Abrupt introduction of facial recognition system ruled inappropriate
The case is important because it is the first facial recognition litigation to be ruled on under the terms of China’s consumer protection laws, which saw a significant update in 2014. It was brought by law professor Guo Bing after he arrived at the Hangzhou Safari Park on October 17, 2018 to find that the park’s former fingerprint verification system for entry had been “upgraded” to a facial recognition system. A sign informed visitors that unless they registered with the new facial recognition system, they would not be allowed access to the park.
The professor had purchased an annual park pass in April of 2018, and argued in court that he had not agreed to collection of facial biometric information when he purchased the pass. He pointed out that facial recognition information is more of a privacy infringement as it is more sensitive than fingerprints, and argued that it was much more likely to put consumers at risk if it was leaked in a data breach. The park refused to refund his money in return for cancelling his membership, which led to filing of the case in the Zhejiang province.
The court agreed that the park’s new requirement violated Article 29 of the Law of the People’s Republic of China on Protection of Consumer Rights and Interests, which requires business operators to meet certain standards in the collection of customer personal information. Businesses must meet a threshold of “legitimacy and necessity” under this law as well as clearly indicating to the consumer the “method and scope” of the information being collected.

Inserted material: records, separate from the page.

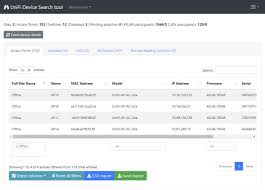 Video ini saya share serba sedikit tips bagi anda mengetahui dikawasan premis anda telah mempunyai liputan tm unifi atau streamyx. Unifi Hosted Searching All Sites For A Mac Ubiquiti Community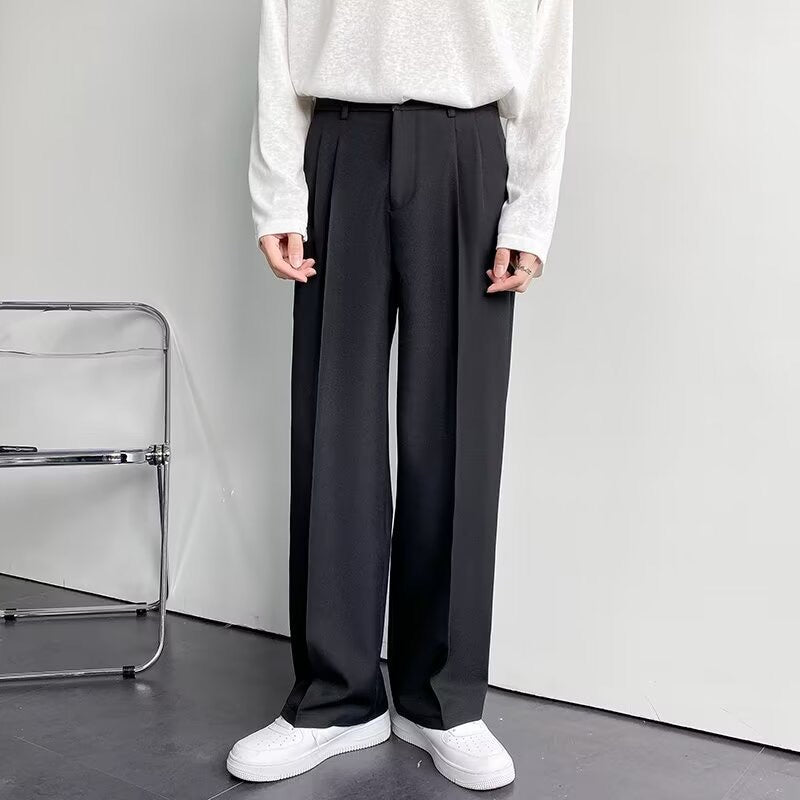 Men's Work Trousers | Wide Leg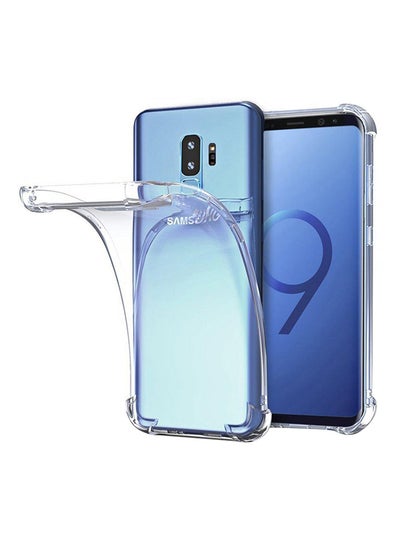 Buy Protective Case Cover For Samsung Galaxy S9 Plus in Saudi Arabia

The park has not scrapped the facial recognition system, but it has reinstated its previous fingerprint scan system as an alternative for entry in a bid to assuage concerns about privacy infringement.
China biometric privacy infringement rules begin to come into focus
While the 1,360 yuan (about $193) plus legal costs that the park is required to pay by the decision is far from a heavy penalty, the decision is worthy of note as it begins to illuminate how the Chinese government will handle the use of facial recognition information by the country’s businesses and potential privacy infringements.
The early government position would appear to be that while it considers the use of facial recognition systems to be “reasonable and necessary” for its law enforcement agencies, it will not be extending similar considerations to private businesses unless they can demonstrate a very good reason for putting them in place.
This policy is the opposite of the government’s established and widespread use of facial recognition systems, which have reached the doorsteps of certain public housing complexes in Hangzhou, Beijing and several other large cities. Some of the systems have been in place since 2016 and are capable of detecting non-residents that are on the premises, which some see as a form of privacy infringement. As of this year the country has about 626 million facial recognition cameras in place in public spaces. While the use of these systems is not yet uniform across the country, the larger cities such as Beijing and Shanghai are using facial recognition for purposes such as security checks at public transportation stations, picking up prescriptions at pharmacies and signing up for new phone service.
Public attitudes toward this mass rollout of facial recognition (and its attendant privacy infringement issues) has been mixed among residents of the country, and some observers wonder if this case might spark a national debate about how far into personal lives these high tech systems should be allowed to extend. At the very least, it would appear to inspire some pushback toward businesses collecting biometric personal data for reasons that they cannot justify.
Though the Chinese government is known for an authoritarian approach, it has relented on the use of facial recognition technology in the past in at least some limited circumstances. In late 2019, the government decided to pull facial monitoring apps out of universities in response to negative polling and widespread concerns about privacy infringements. The systems were being trialed at select universities and high schools for the purposes of attendance and monitoring of student behavior in the classroom. One high school provided teachers with a real-time feedback system that indicated student attention levels. The government issued a statement urging its schools to seek the feedback of students, teachers and faculty before implementing any such systems.